Base note hugs pretty much close to the skin.
Top and Heart took perhaps 15 minutes at most to unfold.
Base note lingers for about 8 hours.
Short longevity is probably being reported due to low sillage
(it gets harder to detect that the scent is still there).
Repeated the exercise, same results.
Summary
Masterful use of scent pallet. 4.7 /5
Top and middle notes unfold very quickly
Sillage is poor, particularly on base note. 2/5
Unisex
Pak1tO911 – :
Ok, here’s my take on this masterpiece.
First of all, take a look at or bring back to your memory the scene in Kubrick’s Barry Lyndon when he rides away to a new life, with 20 guineas in his pocket, at the beginning of the movie. He’s full of dreams and ambitions, and he wants to bite life’s ass. Sorry for my use of words. 🙂
MCG has captured that scene. It’s a moment that we all have experienced at least once in our lives, that magic minute when you leave every burden behind you and move to a new direction, counting only on yourself.
In order to make it justice, I’ll try to describe this perfume from two different points of view. Here’s the notes: you can smell the aromatic plants of the country Barry’s riding in, the saddle of the horse (smell carefully and you’ll see that it’s not the smell of a pair of gloves or a new purse, it’s a real saddle), the horse itself. And then you’ll smell the powder of the courts of his future.
Second take: the emotions. Barry Lyndon will give you the feel of an early morning full of promises. Your new life is ahead of you, and it’ll be great. All your expectations, no matter how great, will be your reality of tomorrow.

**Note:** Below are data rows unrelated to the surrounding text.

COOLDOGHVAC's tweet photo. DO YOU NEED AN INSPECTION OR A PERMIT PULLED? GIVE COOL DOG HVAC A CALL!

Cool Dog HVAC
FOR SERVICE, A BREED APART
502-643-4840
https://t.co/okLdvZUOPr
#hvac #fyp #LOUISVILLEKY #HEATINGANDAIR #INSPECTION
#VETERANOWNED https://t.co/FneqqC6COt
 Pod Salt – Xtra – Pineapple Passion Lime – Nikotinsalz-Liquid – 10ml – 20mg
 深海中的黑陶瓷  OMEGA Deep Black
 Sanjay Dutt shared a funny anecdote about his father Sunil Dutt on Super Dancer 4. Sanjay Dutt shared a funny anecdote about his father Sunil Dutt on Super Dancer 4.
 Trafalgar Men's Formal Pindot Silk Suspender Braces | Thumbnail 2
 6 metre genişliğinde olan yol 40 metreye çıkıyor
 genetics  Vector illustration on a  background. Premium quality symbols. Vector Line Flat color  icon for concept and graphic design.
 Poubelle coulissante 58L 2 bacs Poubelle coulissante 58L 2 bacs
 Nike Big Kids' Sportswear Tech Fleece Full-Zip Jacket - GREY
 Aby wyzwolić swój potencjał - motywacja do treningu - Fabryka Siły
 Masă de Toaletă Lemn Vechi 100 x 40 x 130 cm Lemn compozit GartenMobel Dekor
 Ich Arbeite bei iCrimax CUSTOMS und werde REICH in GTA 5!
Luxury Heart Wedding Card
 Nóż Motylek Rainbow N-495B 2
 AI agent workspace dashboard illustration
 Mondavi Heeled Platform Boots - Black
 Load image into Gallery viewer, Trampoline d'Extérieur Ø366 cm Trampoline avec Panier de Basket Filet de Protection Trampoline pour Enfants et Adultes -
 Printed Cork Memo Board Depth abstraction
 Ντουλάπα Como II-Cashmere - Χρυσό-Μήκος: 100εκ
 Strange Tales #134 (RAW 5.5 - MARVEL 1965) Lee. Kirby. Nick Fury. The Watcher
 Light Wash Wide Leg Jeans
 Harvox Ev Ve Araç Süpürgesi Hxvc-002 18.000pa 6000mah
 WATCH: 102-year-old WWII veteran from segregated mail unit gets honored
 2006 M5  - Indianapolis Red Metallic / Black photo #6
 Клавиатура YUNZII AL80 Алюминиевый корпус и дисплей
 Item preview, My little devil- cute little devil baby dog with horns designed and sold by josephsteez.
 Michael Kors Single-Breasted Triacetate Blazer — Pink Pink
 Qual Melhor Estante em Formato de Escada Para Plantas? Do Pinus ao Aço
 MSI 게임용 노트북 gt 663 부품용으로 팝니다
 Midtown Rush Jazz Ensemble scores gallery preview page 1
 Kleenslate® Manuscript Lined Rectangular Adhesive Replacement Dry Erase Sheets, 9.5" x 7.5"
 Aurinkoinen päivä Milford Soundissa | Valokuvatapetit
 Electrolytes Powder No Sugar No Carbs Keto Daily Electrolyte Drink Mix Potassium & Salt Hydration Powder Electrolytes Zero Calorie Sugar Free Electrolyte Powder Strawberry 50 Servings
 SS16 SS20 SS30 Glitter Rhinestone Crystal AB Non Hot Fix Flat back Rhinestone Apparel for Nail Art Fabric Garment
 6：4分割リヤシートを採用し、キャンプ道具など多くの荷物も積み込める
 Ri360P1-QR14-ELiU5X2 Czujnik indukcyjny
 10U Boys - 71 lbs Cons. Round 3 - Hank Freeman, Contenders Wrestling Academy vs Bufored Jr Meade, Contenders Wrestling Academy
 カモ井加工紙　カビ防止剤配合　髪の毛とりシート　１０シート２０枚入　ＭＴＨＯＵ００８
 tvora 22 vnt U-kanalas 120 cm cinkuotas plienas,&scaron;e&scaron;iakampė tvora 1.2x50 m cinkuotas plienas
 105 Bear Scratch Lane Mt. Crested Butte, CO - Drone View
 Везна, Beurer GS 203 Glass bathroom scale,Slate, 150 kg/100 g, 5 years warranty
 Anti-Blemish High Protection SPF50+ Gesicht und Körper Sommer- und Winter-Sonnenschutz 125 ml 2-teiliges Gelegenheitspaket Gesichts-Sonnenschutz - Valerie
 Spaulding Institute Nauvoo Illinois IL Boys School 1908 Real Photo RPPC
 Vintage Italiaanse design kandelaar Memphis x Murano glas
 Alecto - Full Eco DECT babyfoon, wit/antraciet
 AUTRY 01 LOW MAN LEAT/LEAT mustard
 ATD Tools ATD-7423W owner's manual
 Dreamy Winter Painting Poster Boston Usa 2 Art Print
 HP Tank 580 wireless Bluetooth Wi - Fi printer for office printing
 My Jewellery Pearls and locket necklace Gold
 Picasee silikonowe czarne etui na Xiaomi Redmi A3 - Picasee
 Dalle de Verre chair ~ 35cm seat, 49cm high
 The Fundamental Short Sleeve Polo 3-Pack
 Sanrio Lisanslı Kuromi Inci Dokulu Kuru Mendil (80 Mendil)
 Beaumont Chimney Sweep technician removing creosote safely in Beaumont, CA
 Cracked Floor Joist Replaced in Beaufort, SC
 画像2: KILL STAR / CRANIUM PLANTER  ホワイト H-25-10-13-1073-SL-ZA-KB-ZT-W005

All you have is yourself, and you’re going to find out that you’re capable of much, much more than everyone, including yourself, expected.
I don’t know how MCG could convey so much in a fragrance, but she did. Hats off. Now please let me smell it again, and think about my life and expectations. How many perfumes make you do this?
nasevan – :
Good fragrance, but i feel its drydown too similar to Chanel Egoiste (not a bad thing, of course)
aleks057 – :
Not the most original frag you can find but absolutly not badly performed and definitely completely different fron Farhrenheit. Yes, it’s an elite or niche frag few people are aware of it: minimum 3+Gentile+ 16 people voting it+ all the shop assistants etc.
Write about a product you like if you like something!
boba1979 – :
to be loved, brings you the insight, it is perhaps a bit ‘sad, but the mere fact that produces tiny shocks deep in the self … is a great scent. It was created with visceral love, like all creatures of Maria Candida … and feels!!
nuiacsov90 – :
Beautiful. Beautiful. Beautiful Barry Lyndon! Also a good news in a grey world: even nowadays there are still creators whose talent and ability produce emotions on us when we are so lucky to come across their works! I read somewhere (I’m sorry not to be very precise!) that M.C. Gentile while inventing “her” Barry Lyndon took inspiration from the film more than the novel itself. So she was visualizing the hero – in a moment of the plot – while he was trying to escape, riding through the English countryside. I can see more than this…. Sometimes descriptive fragrances could sound like descriptive music: just student’s home-works more or less predictable; more or less precise more or less unuseful and really boring, no doubt! This fragrance – for me – is a sort of concentration of “dusty” light in a bottle. The “Nose” can handle with a light hand different “heavy” substances (for instance the leather here used is more similar to saddle leather than to glove one) BUT keeping always in mind the sense of measure. Not too much of… not too little of. Every element seems to go hand in hand with the other. The result – according to my skin is an immersion in reach notes (as usual, much more than those indicated in the piramid above!) recreating a rarefact atmosphere.
Probably I’m changing too much or… getting older: I’ve never got crazy for aromatic or fougere fragrances all my life, up to now! Longevity is also very good, discreet silllage: it as an elegant frag. after all! I’ve tried B. L., this morning but perhaps it is better not for the too cold season but for fall and spring.
p.s. One hour ago, I sprayed it on 2 my male friends: even better than on me.
If polygamy weren’t forbidden (in my country) I would ask their hands instantly!